A candlelight vigil focused on unsolved cases involving young people in Iowa was attended by more than 200 people Wednesday night in downtown Waterloo.

One of the speakers was 27-year-old Morgan Collum, Mollie Tibbetts’ cousin. “The last two weeks have been really difficult,” Collum said. “You wake up and you look at yourself in the mirror and you’re like ‘how am I going to get through this day? What am I going to do to get through this day? How am I going to help to bring Mollie home?’ If it wasn’t for God, I don’t know how I’d be standing here in front of you guys.”
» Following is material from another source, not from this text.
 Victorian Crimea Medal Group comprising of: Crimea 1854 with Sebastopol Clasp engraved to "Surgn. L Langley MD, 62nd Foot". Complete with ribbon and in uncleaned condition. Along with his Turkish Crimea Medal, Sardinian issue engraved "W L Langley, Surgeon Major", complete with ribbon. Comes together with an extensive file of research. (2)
Collum is from Brooklyn, also the hometown of the 20-year-old Tibbetts, who was in Brooklyn when she disappeared on July 18. Since then, hundreds of volunteers and dozens of local, state and federal investigators have been trying to figure out what happened to the young woman. Collum used the words “unreal” and “amazing” to describe the support for her family in the town of Brooklyn.
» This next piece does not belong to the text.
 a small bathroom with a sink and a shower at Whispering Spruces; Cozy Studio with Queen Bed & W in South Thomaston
“Not only my community, but the entire state of Iowa…he way that this state has come together to help share Mollie’s story, makes me so incredibly proud to come from a state where you care about your neighbor,” Collum said. Wednesday’s event was organized by the Family and Children’s Council of Black Hawk County.

Also attending the vigil were family and friends of Jake Wilson, the autistic 16-year-old from La Porte City who went for a walk on April 7th and never returned home; 14-year-old Kaiden Estling of Maynard, who was struck and killed by a hit-and-run driver while riding his moped in Fayette County on June 28th; and Elizabeth Collins and Lyric Cook-Morrissey, the young cousins taken by someone in Evansdale on July 13, 2012, and were later found murdered. The case remains unsolved. Drew Collins, Elizabeth’s father, presented a $9,000 check from a July fund-raiser to the local Cedar Valley Crime Stoppers program.